ROCKLAND — A judge has dismissed child pornography charges against a former Rockland resident, saying the delay in the case going to trial placed an undue burden on the defense.

Justice Daniel Billings issued his dismissal order Thursday in Knox County Superior Court in the case against Marc L. Merrill, 47, who is now a resident of Gorham.

Merrill was charged with six counts of possession of sexually explicit material of someone younger than 12 years old. The case began when the Maine State Police Computer Crimes Unit received information that led to an August 2013 search at Merrill’s home on Cedar Street in Rockland. A computer was seized by police.

Merrill was arrested at the time of the search, then indicted in February 2014. An amended indictment was issued in February 2015.

Twice, in October 2016 and March 2017, the court was unable to select a jury because so many potential jurors were excused during the vetting process.

The defense then filed a motion asking the court to dismiss the charges because of the lack of a constitutionally guaranteed speedy trial.

Merrill, who moved to Gorham after the arrest, has maintained his innocence throughout the case.

His attorney, Timothy Zerillo of Portland, said Monday his client was very pleased with the ruling and had been prepared to fight the allegations in court.

Zerillo praised Justice Billings for his review of the dismissal motion, saying sometimes a judge is reluctant to dismiss charges such as this.

The defense attorney acknowledged that it was unusual for a dismissal to be granted because of the lack of a speedy trial.
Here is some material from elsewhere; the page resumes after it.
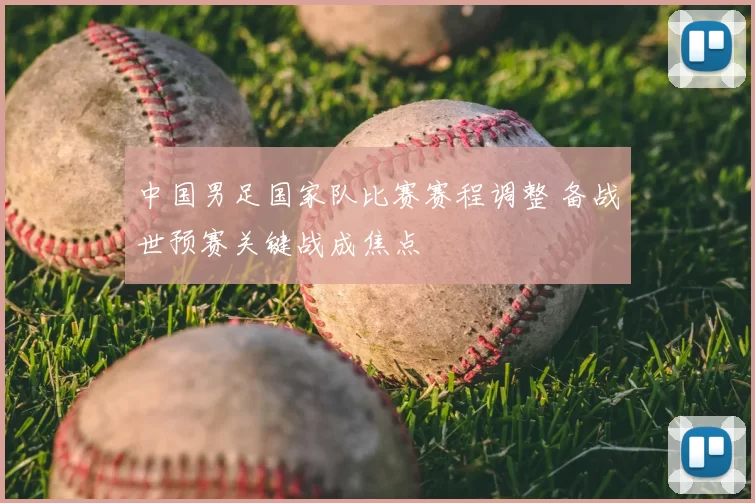 中国男足国家队比赛赛程调整 备战世预赛关键战成焦点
But Zerillo argued that his client’s right to a fair trial was harmed by the numerous delays.

“He may not be in jail, but he has not been free since Aug. 28, 2013,” the motion to dismiss said.
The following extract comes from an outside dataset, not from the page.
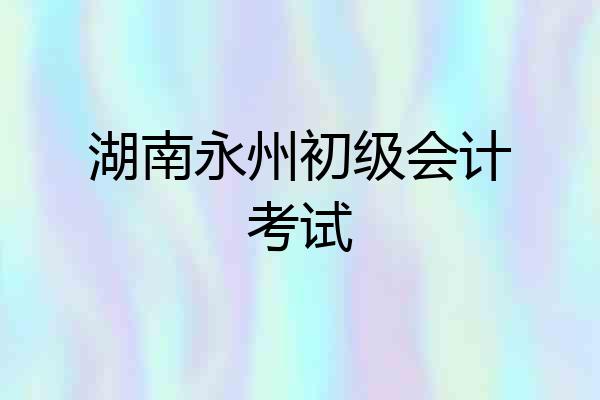 湖南永州初级会计考试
Merrill had suffered tremendous stress and anxiety while the case remained pending, his attorney said last year. He said his client lived daily with fear of imprisonment and of the police.

His reputation has also been destroyed, Zerillo contended in court papers.

Billings said the most significant reason for the dismissal was the ability of Merrill to present a defense. The defense had retained a nationally recognized computer expert but he left the computer forensics field during the lengthy delays. The expert had agreed to testify for the defense for the two earlier trial attempts, but was no longer available.

Billings ruled that most of the delay was caused by the state. He pointed out that Merrill was arrested and released on bail at the time of the search of the home but was not indicted until February 2014 and evidence was not provided to the defense until June 2014, 10 months after the arrest.

The judge said while reviewing digital information is complex, a 10-month delay in providing evidence to the defense was unacceptable. He concluded that overall, 22 months of the delay was caused by the state.

Billings had ruled in May 2016 that some of the statements made by Merrill when he was interviewed by state police at the Rockland home could not be used at trial.

“The interrogation became custodial when Detective (David) Armstrong lost his temper and threatened to ‘tear this house apart,’ ” Billings ruled.